Information:
_ _ _
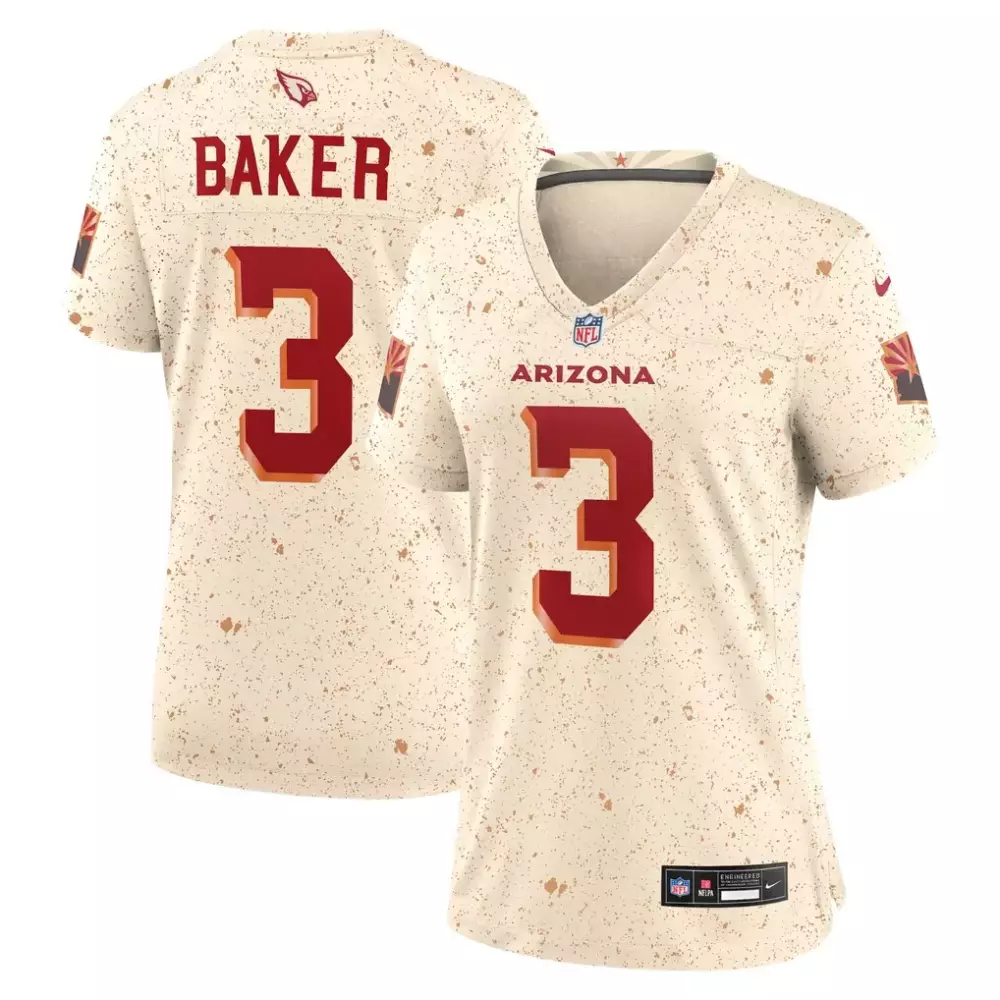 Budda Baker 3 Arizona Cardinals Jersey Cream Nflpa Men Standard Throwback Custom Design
_ _ _
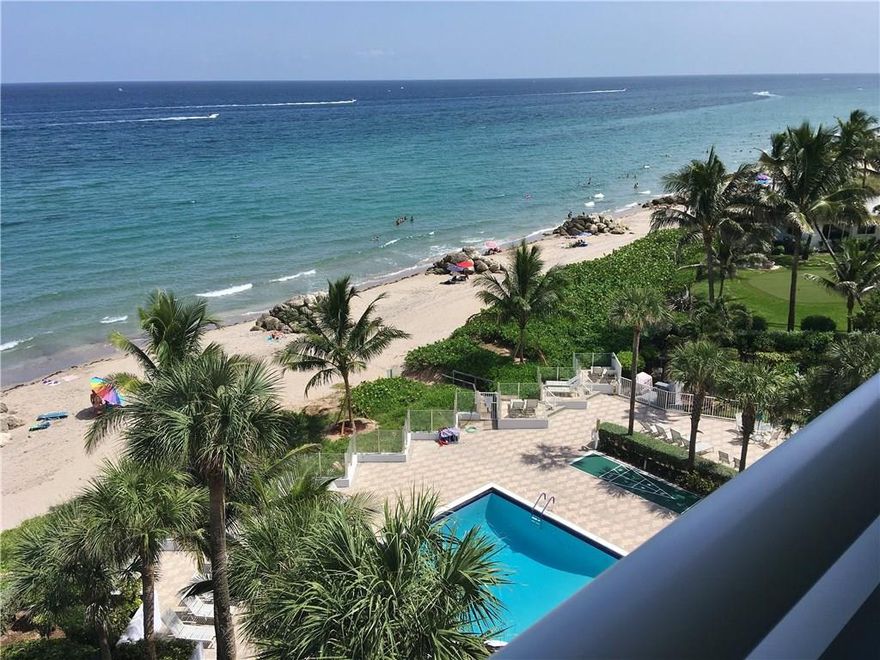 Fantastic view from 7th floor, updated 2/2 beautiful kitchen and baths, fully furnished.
_ _ _
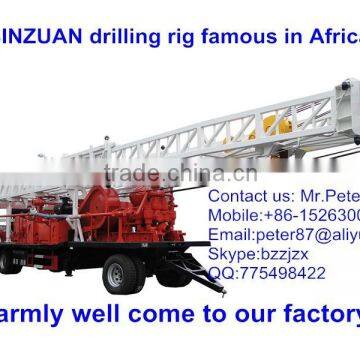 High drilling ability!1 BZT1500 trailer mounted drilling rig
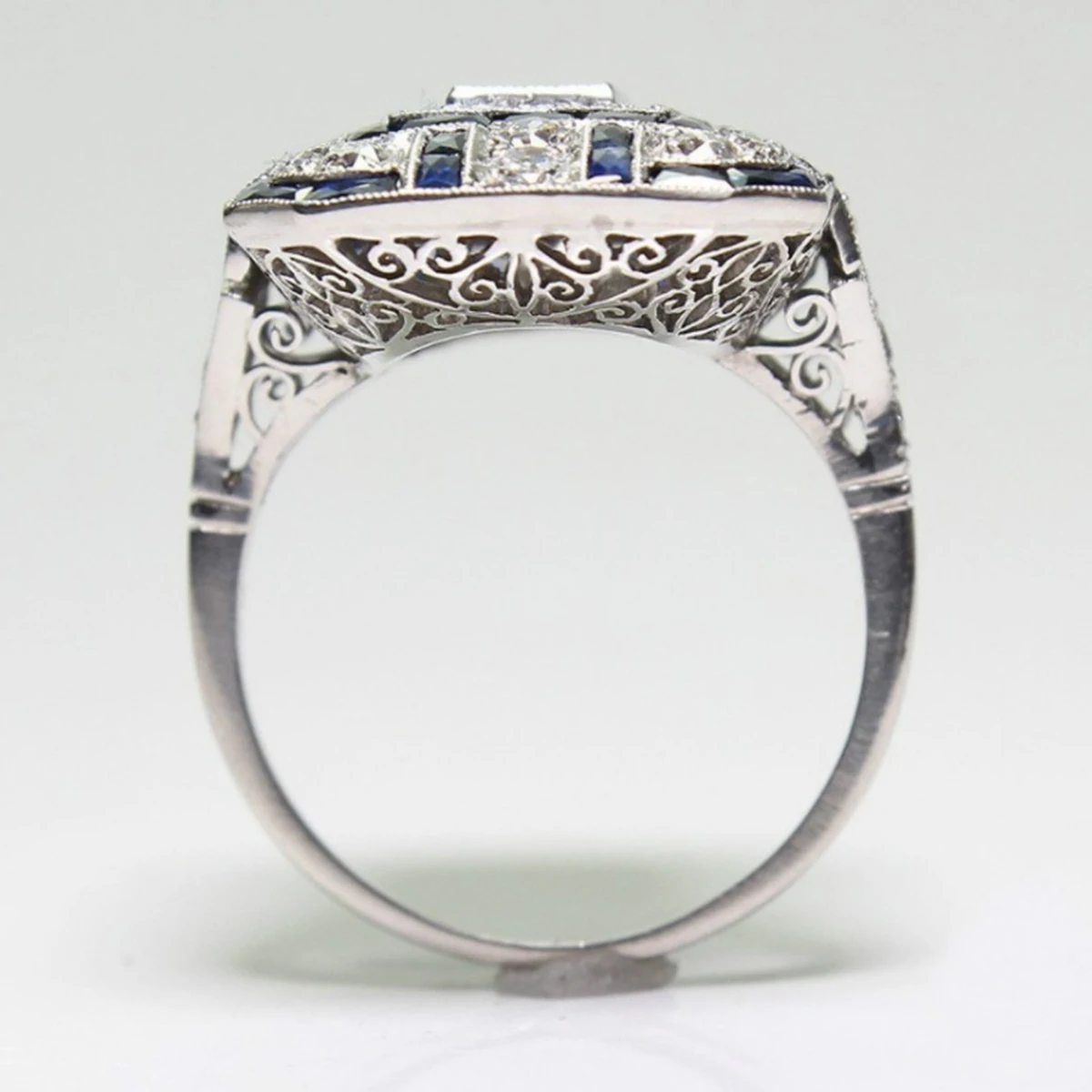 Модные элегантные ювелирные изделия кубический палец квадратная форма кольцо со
_ _ _
Aim of the exercise: Copy everything above from the line holding "High drilling ability!1" down to the line holding "Модные элегантные ювелирные", both ends included, exactly as it stands and without the pictures.

Exercise response:
 High drilling ability!1 BZT1500 trailer mounted drilling rig
 Модные элегантные ювелирные изделия кубический палец квадратная форма кольцо со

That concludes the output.